- **What is being asked**: From the first line of the listing, copy each line exactly until you have included the line with "Coffin Casket Spooky PowerPoint Template"; leave out the pictures.

- **Given information**:
○ ○ ○ ○

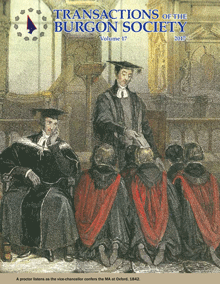 Transactions of the Burgon Society Volume 17 (2017) Transactions of the Burgon Society Volume 17 (2017)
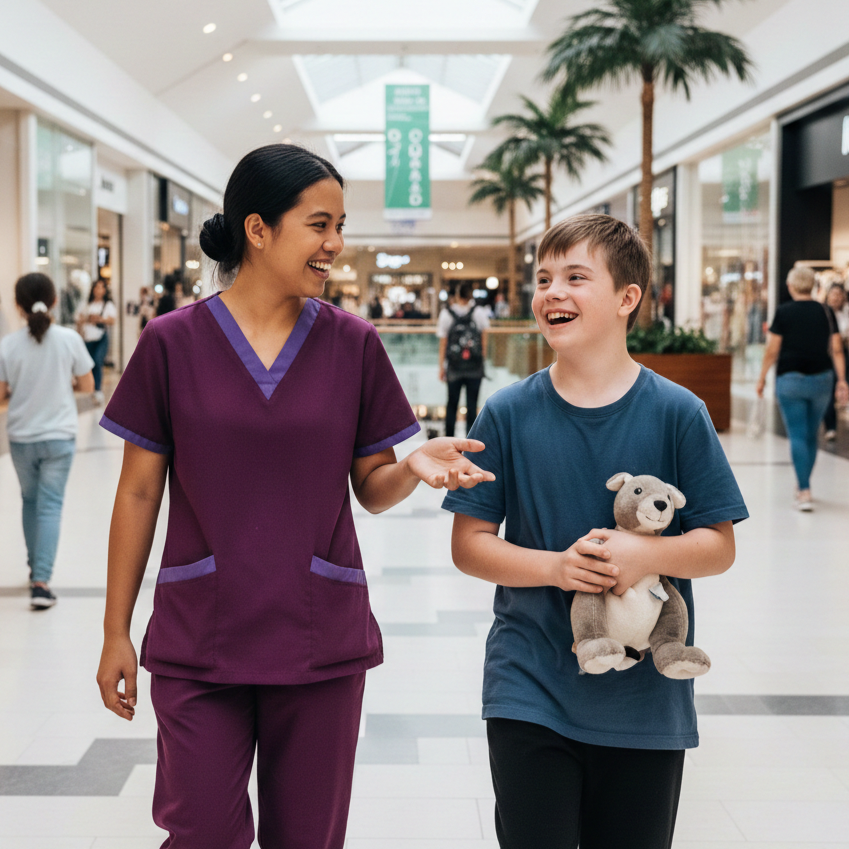 NDIS participant in the community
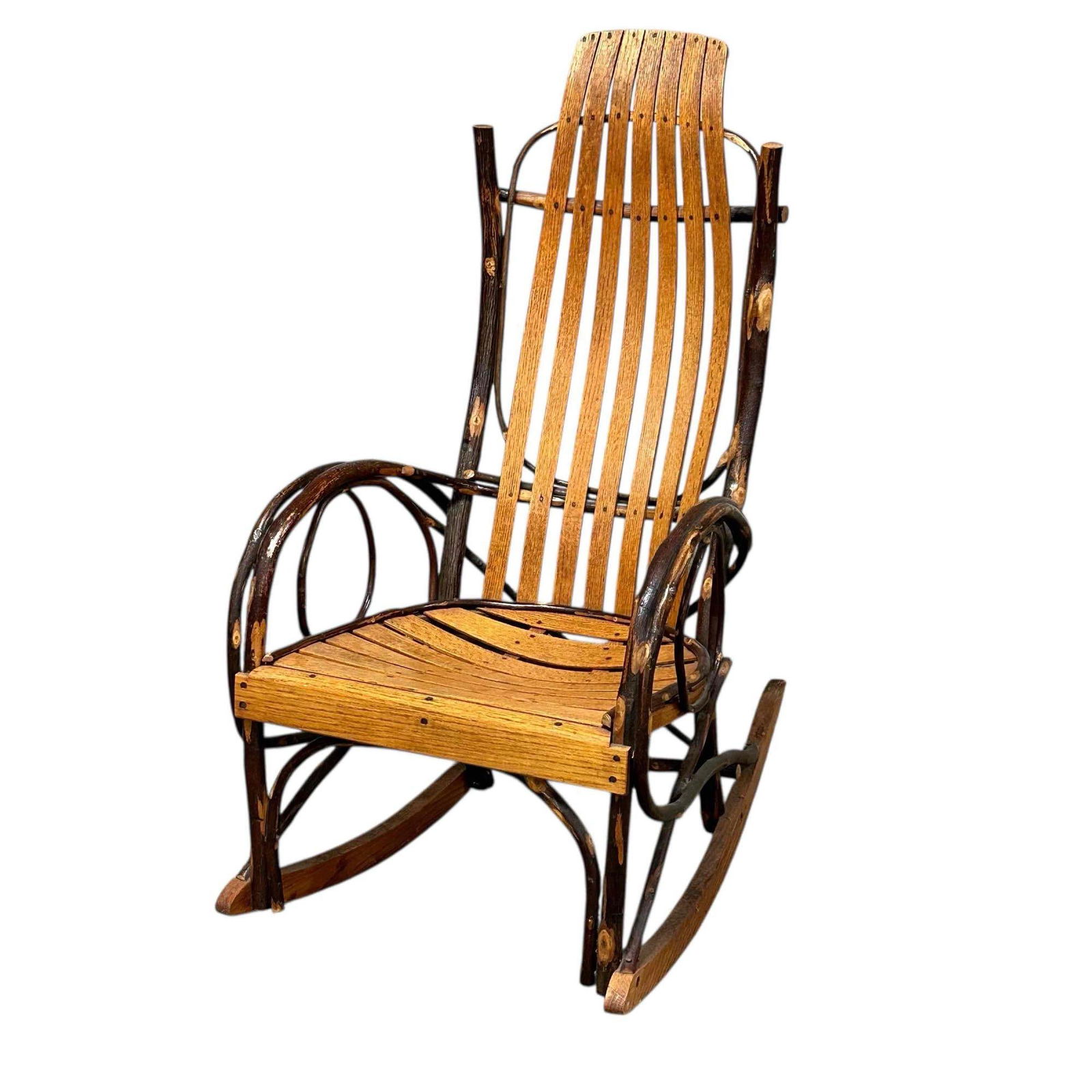 Handmade Bentwood Hickory and Branch Rocking Chair (1 of 17)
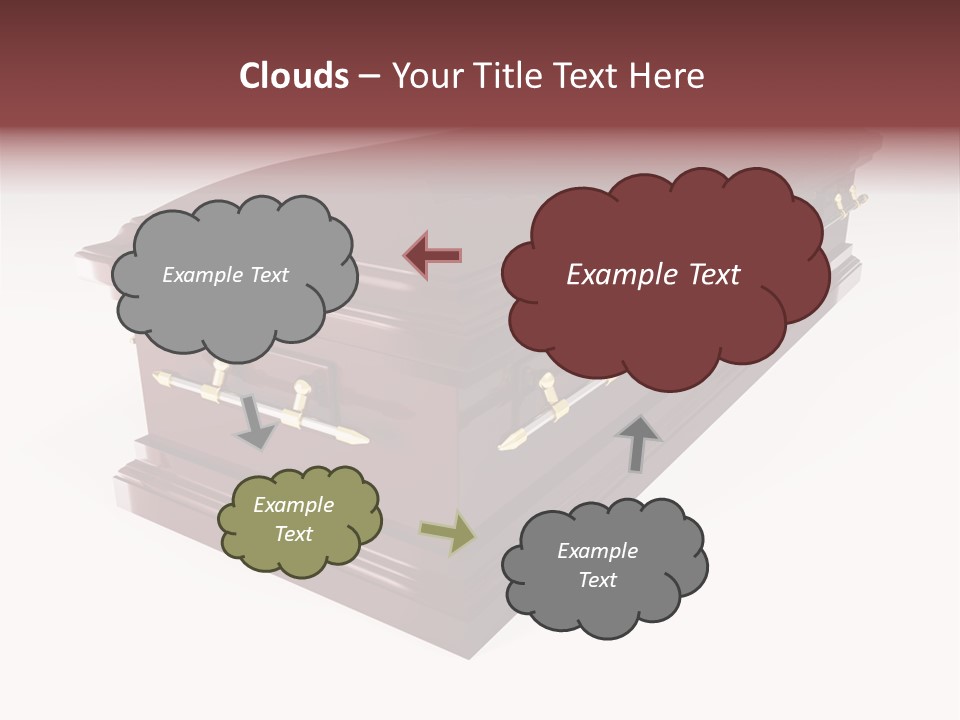 Coffin Casket Spooky PowerPoint Template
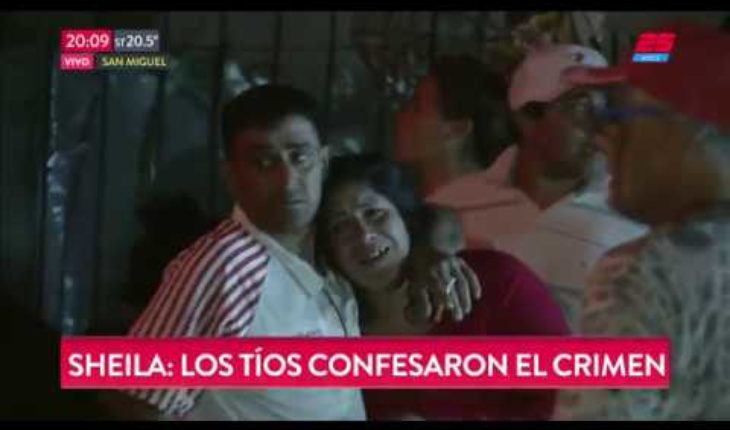 Video: Los tíos de Sheila confesaron el crimen: “Tomamos droga y alcohol”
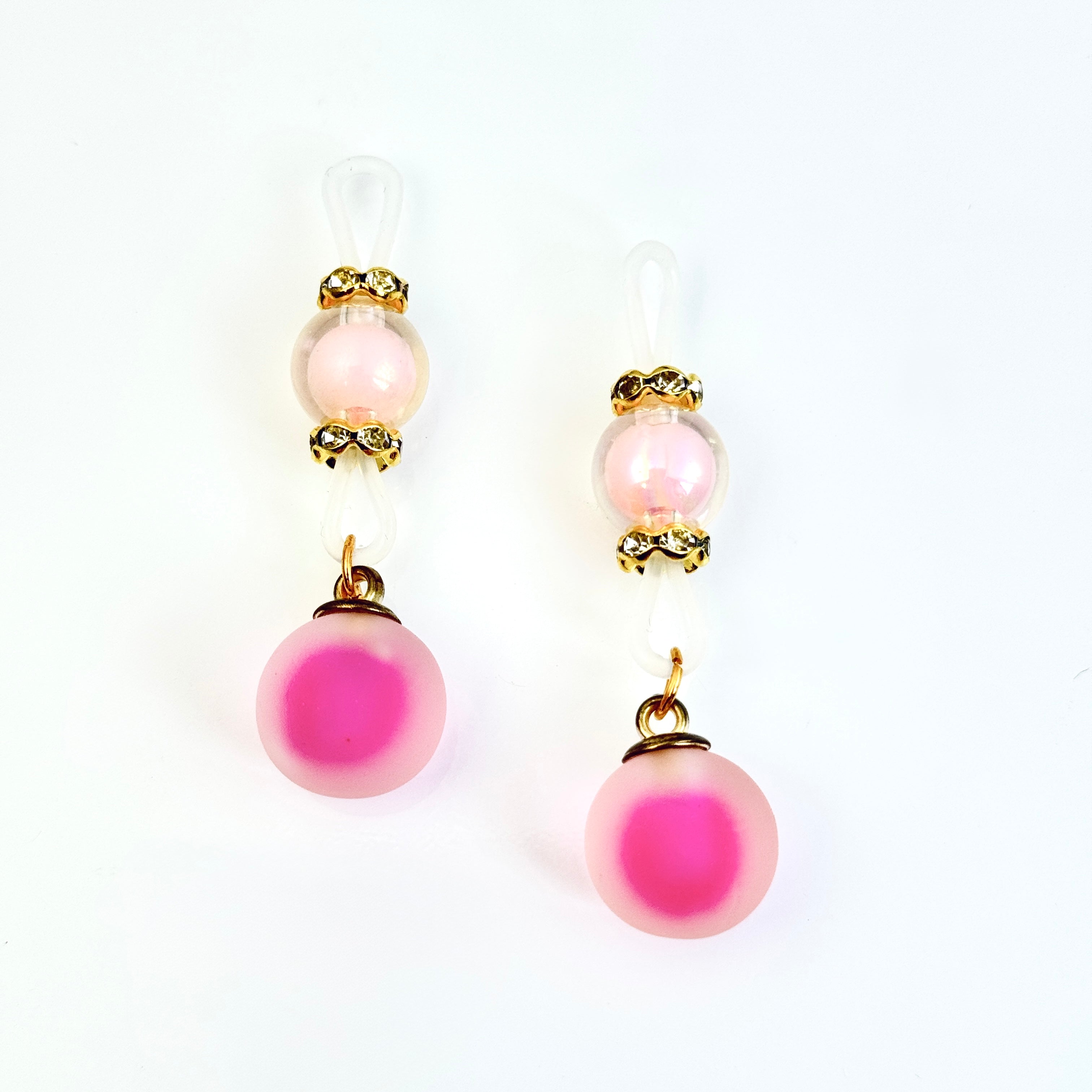 Pink Aurora Glow Nipple Clamps
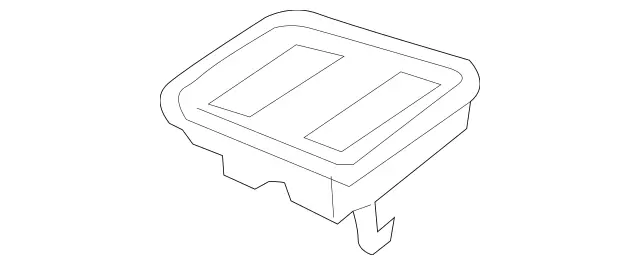21168021849051 - : Foot Rest Bracket for Mercedes-Benz Image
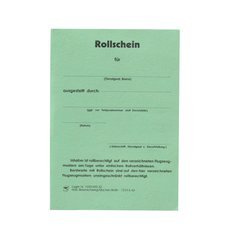 Rollschein - repro, unfilled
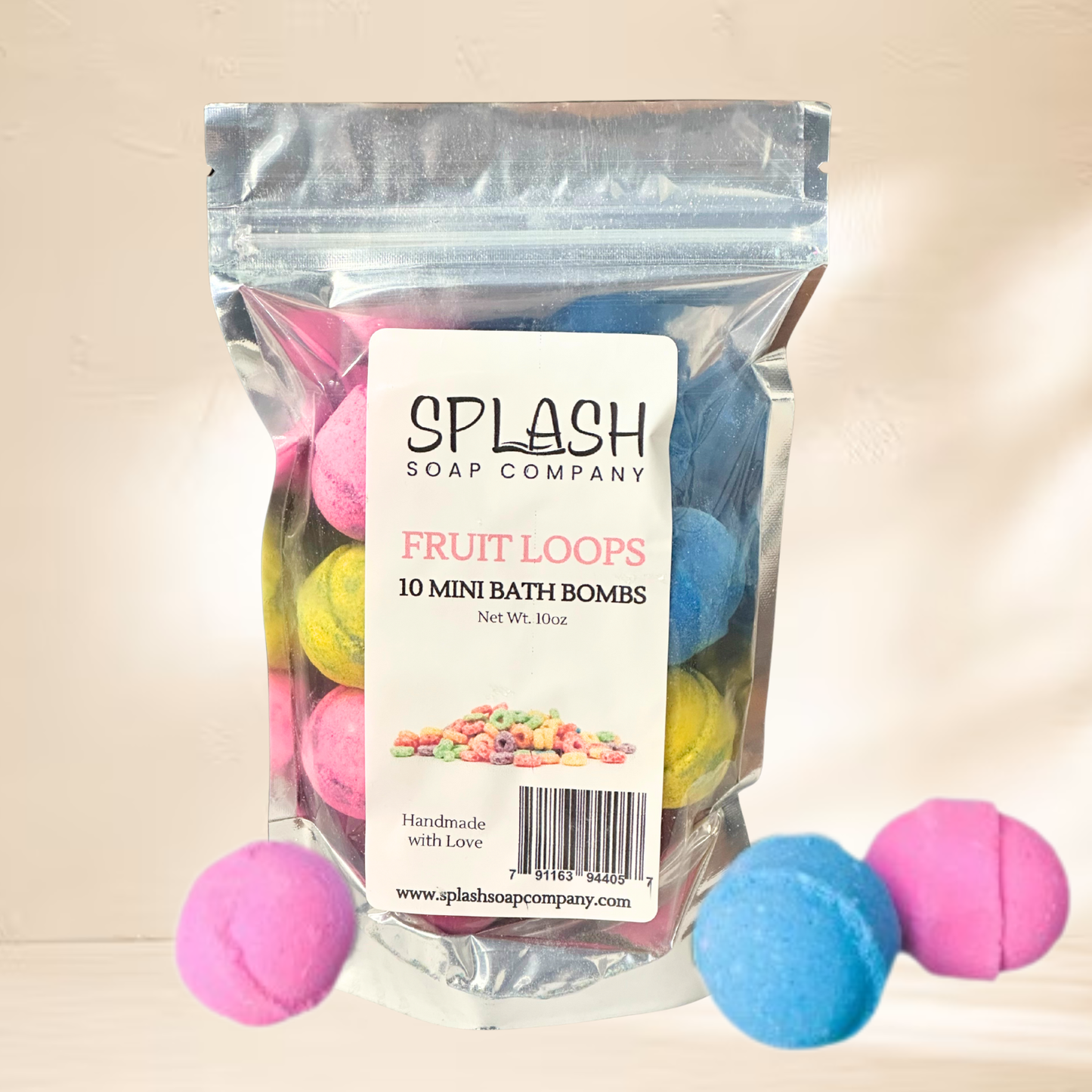 Fruit Loops Mini Bath Bombs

○ ○ ○ ○

- **Answer section**:
 Transactions of the Burgon Society Volume 17 (2017) Transactions of the Burgon Society Volume 17 (2017)
 NDIS participant in the community
 Handmade Bentwood Hickory and Branch Rocking Chair (1 of 17)
 Coffin Casket Spooky PowerPoint Template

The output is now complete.